Why electrify everything?
The recent Intergovernmental Panel on Climate Change (IPCC) report found that future greenhouse gas emissions from fossil fuel infrastructure that’s already in place or in the planning stages are enough to use up the entire remaining Paris target carbon budget. Simply put, to keep global warming below 2°C we have to transition away from fossil fuels immediately. Building additional oil and gas and coal infrastructure means either missing the Paris targets or decommissioning power plants, refineries, and pipelines early, leading to potentially trillions of dollars in “stranded assets” that won’t be able to fully recoup their investment costs.
But fossil fuels power every corner of the economy, from transportation (mostly cars and trucks) to buildings (mostly space and water heating and cooking) and industrial processes. The good news is that most of these applications have cleaner, more efficient electric replacement options available.

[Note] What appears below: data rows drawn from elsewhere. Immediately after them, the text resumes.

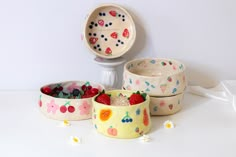 four bowls with fruit painted on them are sitting next to a white wall and an object in the background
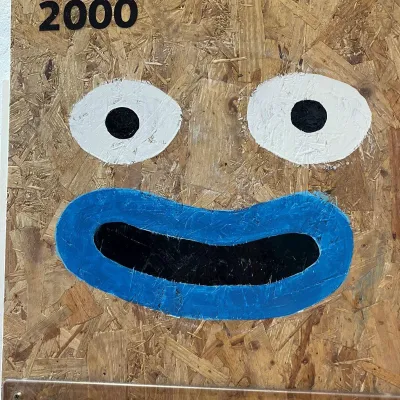 A smiley face painted on to the Curious Timeline. Artist: Tom Sears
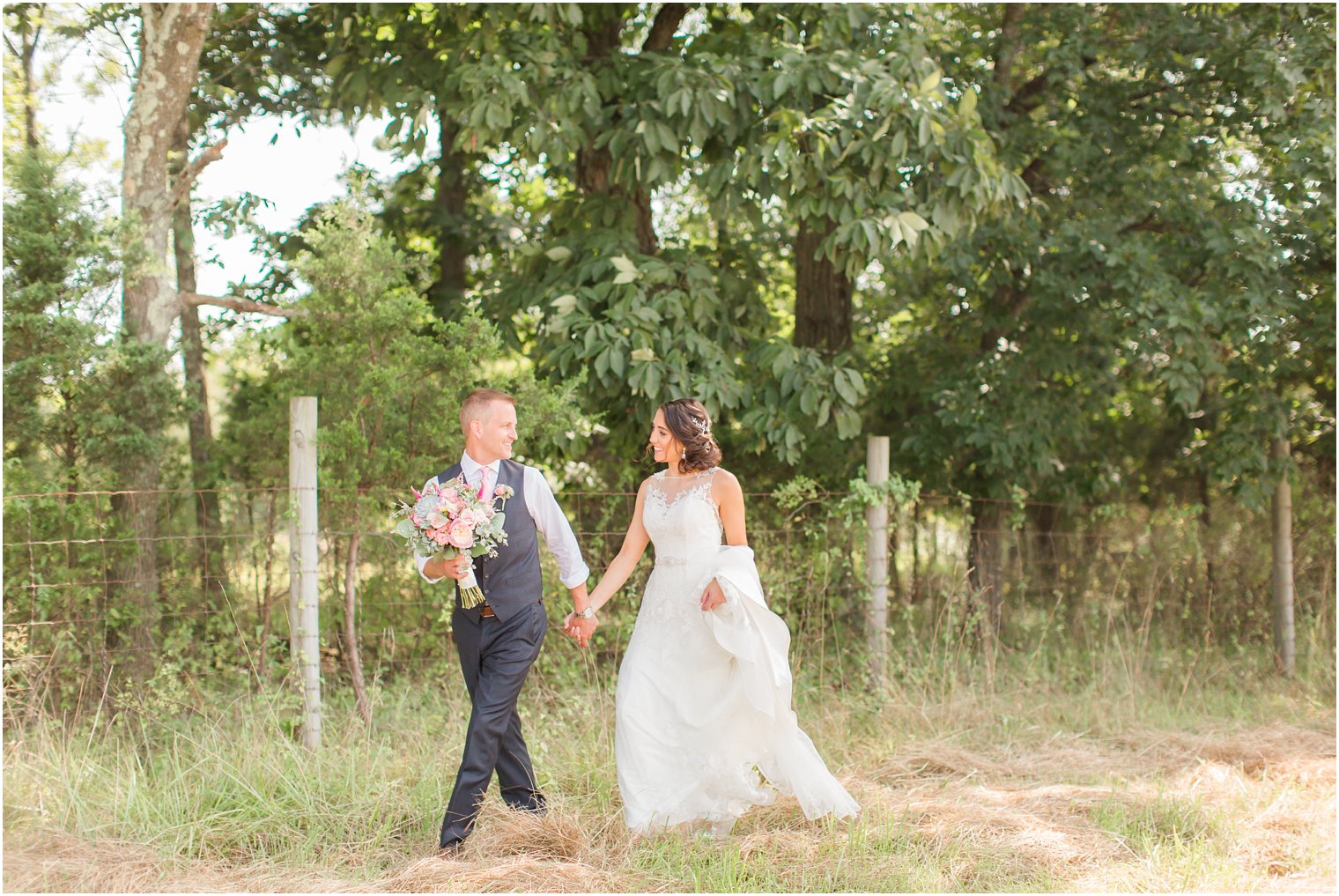 Walking photo of bride and groom at Stone Rows Farm
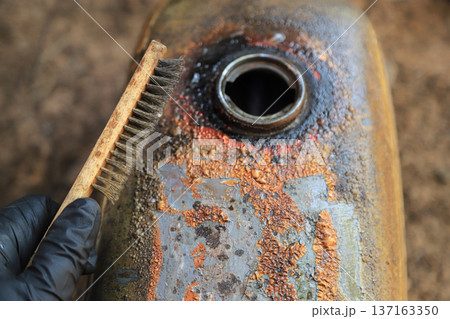 Hand using Wire Brush for cleaning old color on tank oil of motorcycle 137163350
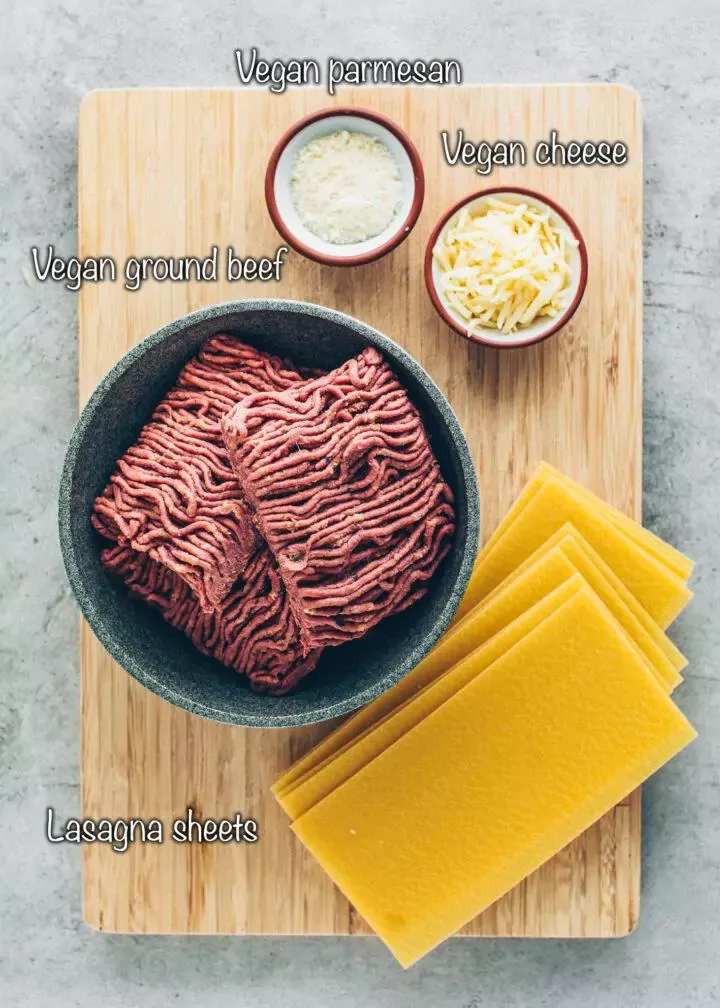 Zutaten für Lasagne: Veganes Hackfleisch, Lasagneblätter, veganer Reibekäse und veganer Parmesan auf einer hellen Unterlage.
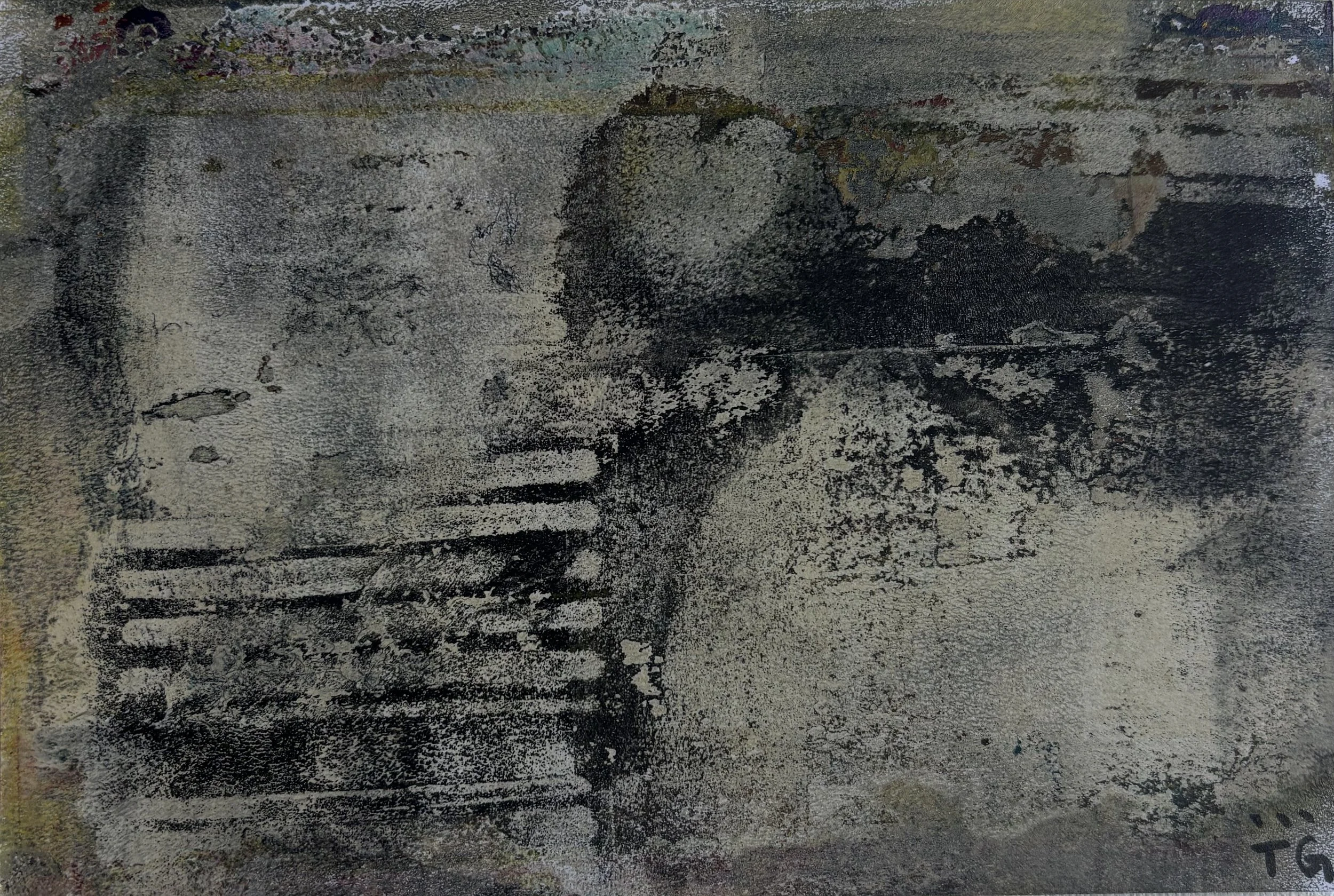 A weathered and textured concrete surface with patches of black, gray, and off-white, exhibiting cracks and stains.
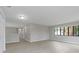 Large open space with wood-look floors, white trim, and a bright window that offers a view of the outdoors at 5841 Bay Pines Lakes Blvd, St Petersburg, FL 33708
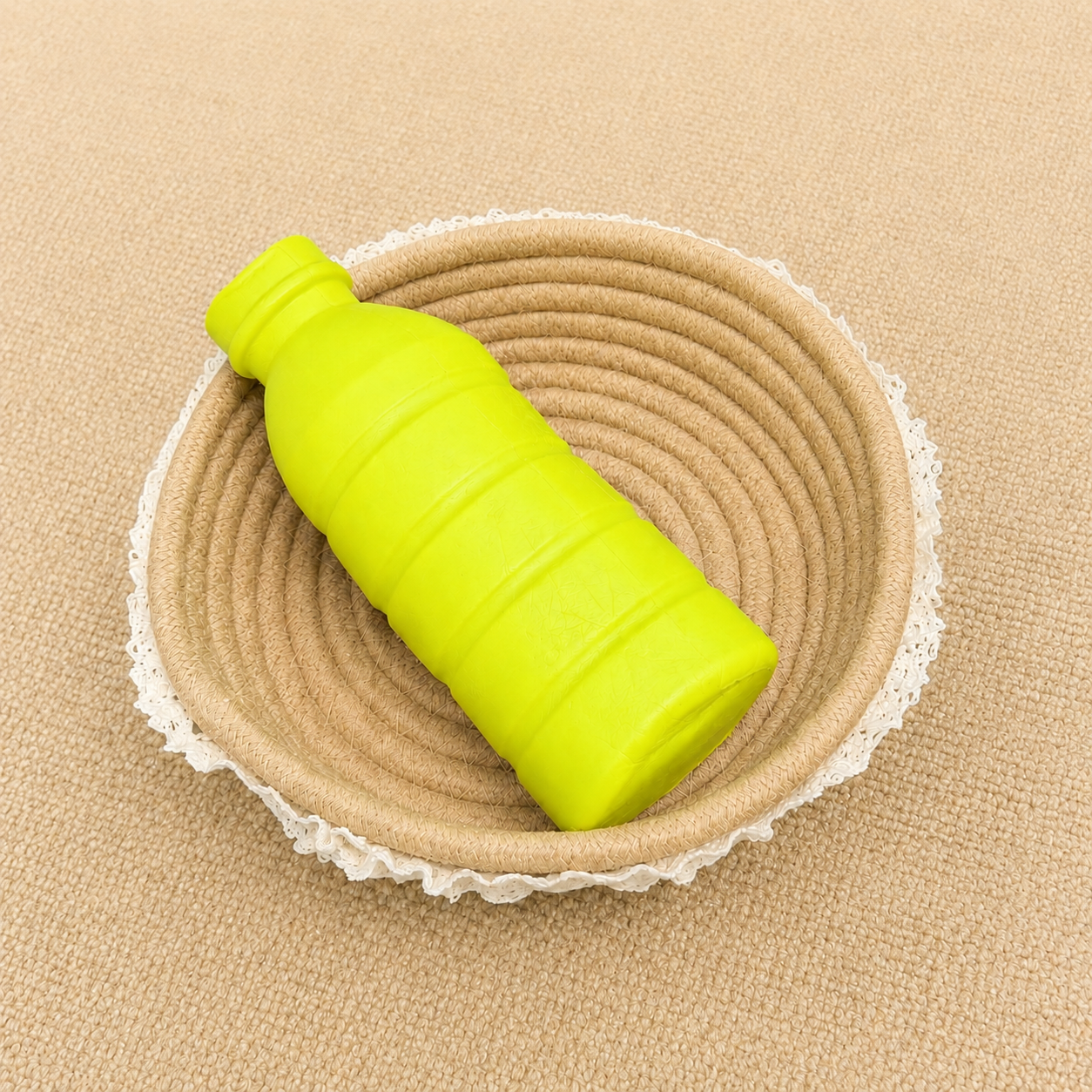 Green bottle shaped slow rising squishy with soft foam texture.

Deploying those electric alternatives would reduce dependence on Russian oil and gas, minimize stranded fossil fuel assets, and curb greenhouse gas emissions. But they would also yield numerous other benefits. Electrification yields cleaner air, improving people’s health especially in marginalized communities that are frequently located near big sources of dirty pollution, as well as lessening indoor air pollution that causes childhood asthma. It also improves energy security and price stability, because electricity is made in America and has much more stable prices than the fossil fuels that are subject to a global market. And it would help protect against future inflation, which as we’re seeing right now is often driven by those same unstable fossil fuel prices.

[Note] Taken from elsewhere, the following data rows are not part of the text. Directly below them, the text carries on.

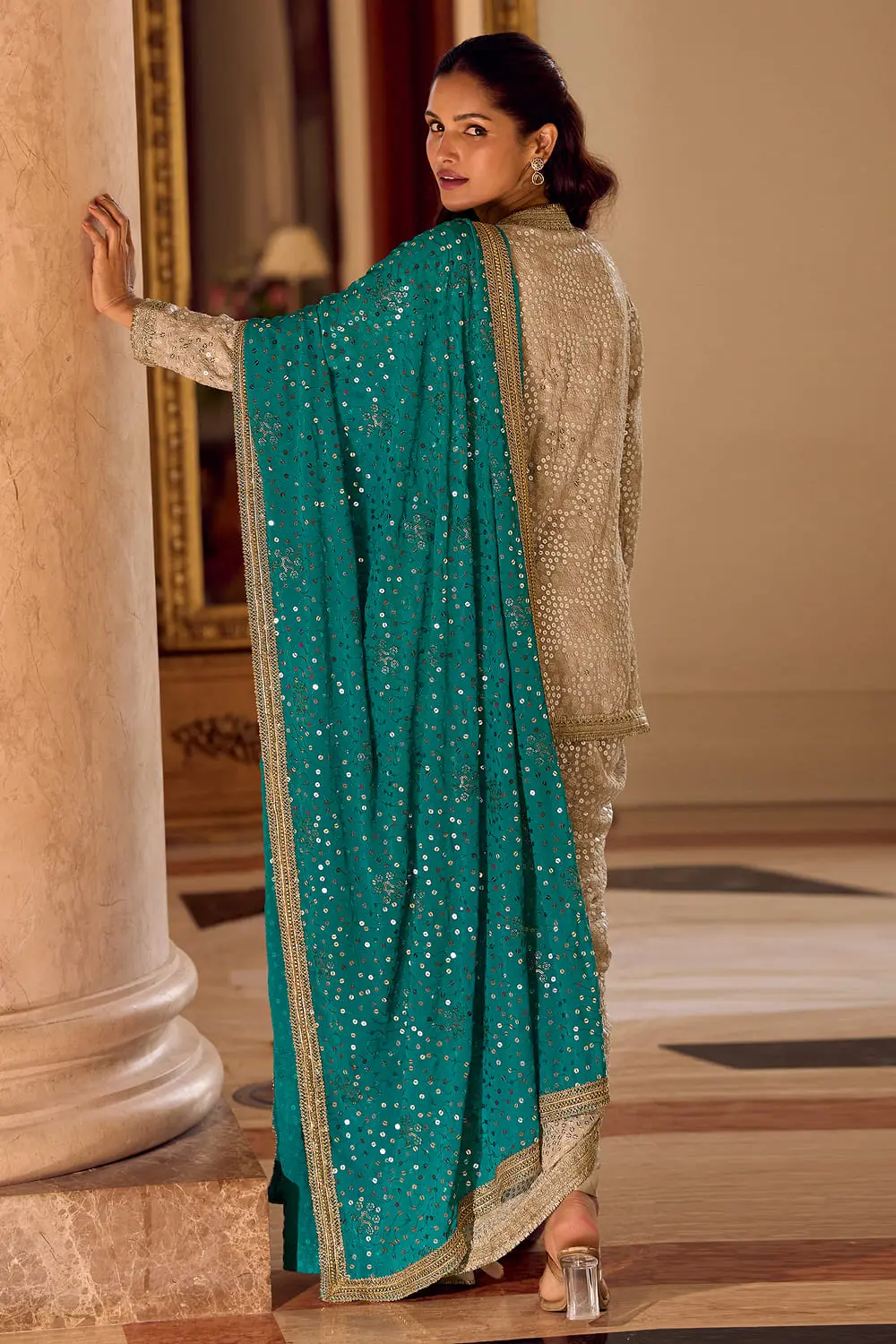 Elegant back layout of the designer beige dhoti salwar dress showing the fine drape and fit.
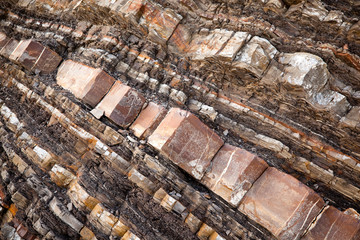 Close-up of rocky rock on a slice of a mountain. The concept of multi-million evolution and change of time periods. Archaeological concept. Background concept
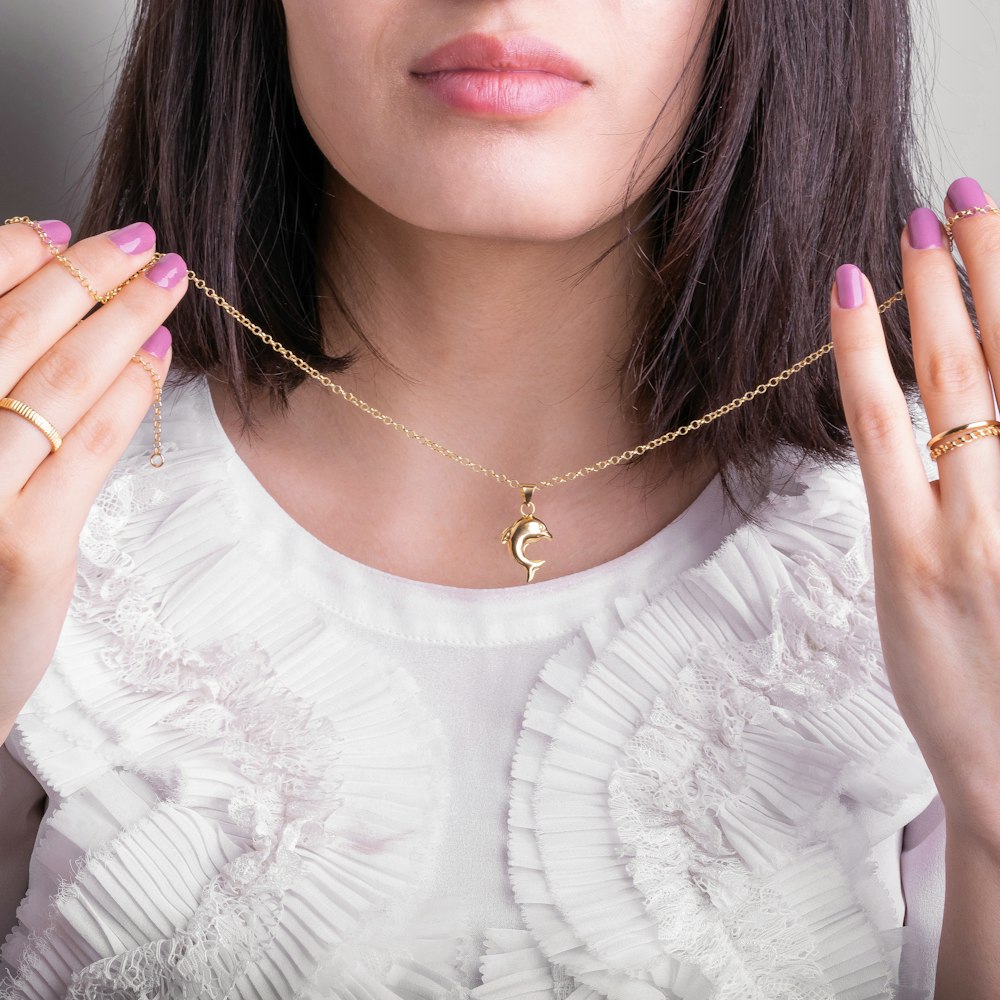 a woman wearing a gold necklace with a crescent charm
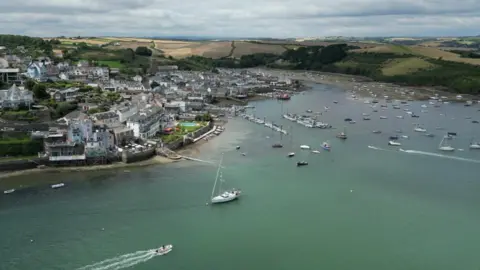 The town of Salcombe, from the air, showing the river, moored boats and a marina area.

How do we electrify everything?
The availability of electric solutions varies by sector. For transportation, electric vehicles are a great alternative. The IPCC reported that battery costs have plummeted by 85% over the past decade. Research has shown that due to the high efficiency of EVs and the growth of renewable energy, 94% of Americans now live in areas where driving an EV produces lower emissions than a 50-mile-per-gallon gasoline car. Electrifying trucks and buses in addition to cars, as well as reducing driving are also important measures to reduce transportation emissions.
For buildings, fossil fuels are often used to provide heat. About two-thirds of buildings’ direct fossil fuel use heats indoor spaces, another quarter heats water, and the rest is used for cooking or drying laundry or industrial heating. Replacing fossil fuel furnaces and boilers and water heaters are thus key steps to decarbonize buildings. This transition can be achieved by deploying electric heat pumps that transfer heat very efficiently from the surrounding environment and can provide both heating and cooling services from a single unit. Replacing gas stoves can also help cut building carbon emissions while providing the added benefit of cleaner indoor air, reducing cases of childhood asthma and other adverse health effects. Improving building energy efficiency is another important and cost-effective solution for this sector.

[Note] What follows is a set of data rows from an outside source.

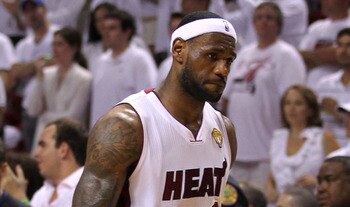 MIAMI, FL - JUNE 12:  LeBron James #6 of the Miami Heat looks on dejected against the Dallas Mavericks in Game Six of the 2011 NBA Finals at American Airlines Arena on June 12, 2011 in Miami, Florida. NOTE TO USER: User expressly acknowledges and agrees t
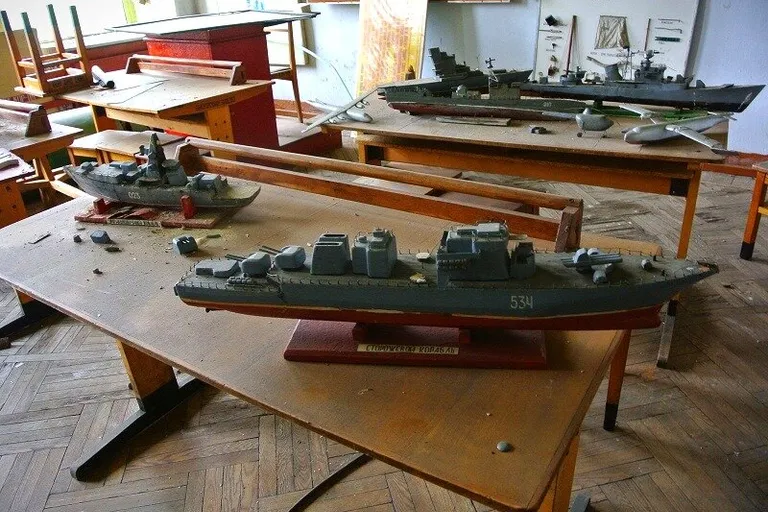 a room filled with lots of wooden desks covered in model ships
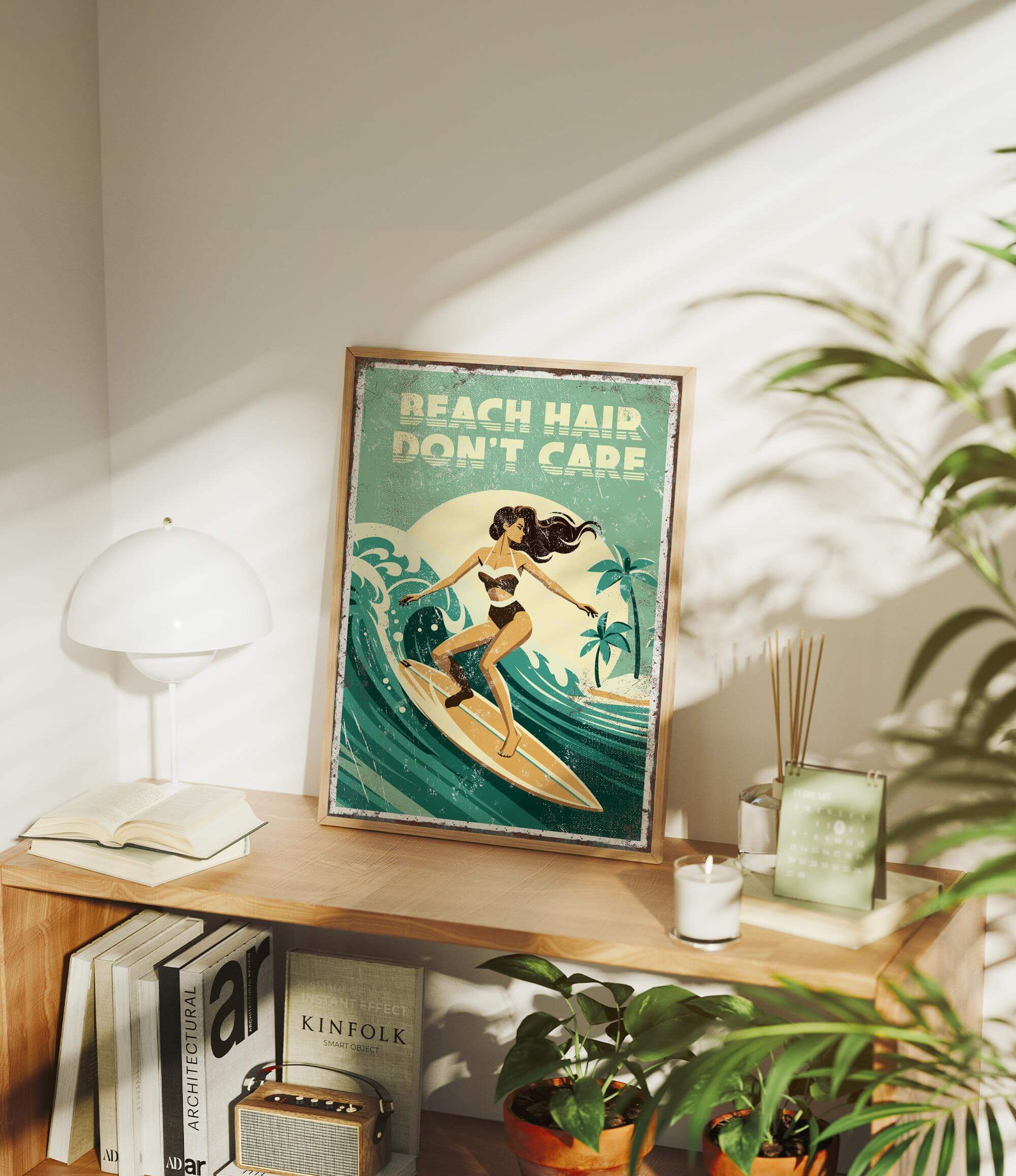 a framed poster of a woman surfing on a wave, with the text "BEACH HAIR DON'T CARE" written on it. The poster is displayed on a shelf, surrounded by various items such as books, plants, and a lamp.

Some industrial processes can be electrified (like using electric arc furnaces to make steel from scrap), but electrification is less suitable for other industrial applications, so a range of solutions will be needed to decarbonize this sector.
How can CCL help?
A carbon pollution price would improve the cost competitiveness of electric solutions relative to their fossil fuel counterparts, so CCL’s long advocacy for this policy is helpful to the “electrify everything” movement. A carbon price would accelerate electrification and efficiency efforts.
Up-front costs also often pose a key barrier to the implementation of electric solutions. Although they might break even or save money over their lifetimes due to higher efficiency and lower fuel costs, EVs and heat pumps and induction stoves generally have higher initial purchase costs than their fossil fuel counterparts. This barrier can be overcome through point-of-sale rebates and other subsidies, which are particularly important for helping lower-income households afford these solutions. Electrification also requires infrastructure improvements: homes often need electrical panel upgrades, and EV adoption requires that sufficient charging stations be available to meet the increased demand.
State and local governments often offer these sorts of rebates. Many cities have also implemented gas bans and electrification codes for new buildings – policies that save money for home builders and owners while reducing carbon and indoor air pollution, but which are politically controversial.
The bipartisan Infrastructure Investment and Jobs Act passed last year invested tens of billions of dollars in the electric grid and EVs and their charging infrastructure that are now being deployed. The climate provisions currently being considered by Congress as part of the budget reconciliation process include many more investments to accelerate electrification – EV and heat pump subsidies, funding for home electrification and efficiency programs, expanding EV charging infrastructure, and public transit. CCL volunteers are encouraged to contact their representatives to remind them of the importance of passing these climate provisions and ideally also a carbon fee and dividend through the reconciliation process this year.
As the IPCC has just warned, time is running out to make this transition. The longer we delay, the higher the costs will become to the climate, the economy, domestic security, and to Americans’ health. This is an electric opportunity that we can’t afford to miss.
Dana Nuccitelli is an environmental scientist and climate journalist with a Master’s Degree in physics. He has written about climate change since 2010 for Skeptical Science, for The Guardian from 2013 to 2018, and since 2018 for Yale Climate Connections. In 2015 he published the book “Climatology versus Pseudoscience”, and he has also authored ten peer-reviewed climate studies, including a 2013 paper that found a 97% consensus among peer-reviewed climate science research that humans are the primary cause of global warming.